Researchers at Massachusetts Institute of Technology (MIT) have found that the best way to attack a bad habit is to define the routine or habit, figure out how it rewards or pleases you, and then determine what actually triggers the behavior. That process gives you the power you need to change the habit, he explains.
Yet Duhigg, who has studied the science of habits, warns that there is no secret formula for stopping a bad habit. While some habits yield easily to analysis, others are more stubborn and complex, explains Duhigg. But there are tactics that researchers have discovered to better understand and change a habit you want to eliminate. Duhigg uses the afternoon cookie habit as an example:
- Identify the routine. In this case, every afternoon you go to the cafeteria and get a chocolate chip cookie, and eat it while chatting with friends.

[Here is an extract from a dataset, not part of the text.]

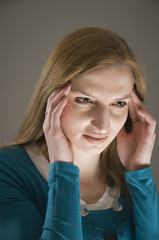 woman in migraine side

- Experiment with rewards. Something about the cookie routine is meeting your needs, but what is that? It may not be obvious. Think of yourself as a scientist experimenting with yourself by collecting data. Try substituting a walk around the block for the cookie. Try getting a candy bar or a special coffee another day. Get an apple and eat it with your friends. Another time, just spend a few minutes chatting with a friend and then go back to work.
See what craving is driving your routine. Is it the cookie? Taking a break? You need the sugar? Write down the first three things that come to mind when you get back. You might write “Relaxed,” or “Not hungry,” or “Saw an old friend.” And then set an alarm for 15 minutes to see if you’re still hungry for the cookie.
- Isolate the cue. Experiments have shown that almost all habitual cues fit into one of five categories: location, time, emotional state, other people, or immediately preceding action. So, for the cookie habit, write down these five things for three straight days: Where are you? What time is it? What’s your emotional state? Who else is around? What action preceded the urge? For Duhigg, it became clear that although he felt an urge to have a snack at a certain time of day, it wasn’t hunger making him want the cookie, and the reward he was seeking wasn’t food, but rather, distraction.
- Create a plan. In the cookie example, Duhigg says his plan would be: “at 3:30 every day, I will walk to a friend’s desk and talk for 10 minutes.”
Understand that this habit change strategy might not work right away. Gradually, as you abide by your plan, you may find you forget about the routine you needed to stop. Remember some habits are far more difficult to stop than others. “But once you understand how a habit operates – once you diagnose the cue, the routine and the reward – you gain power over it,” says Duhigg.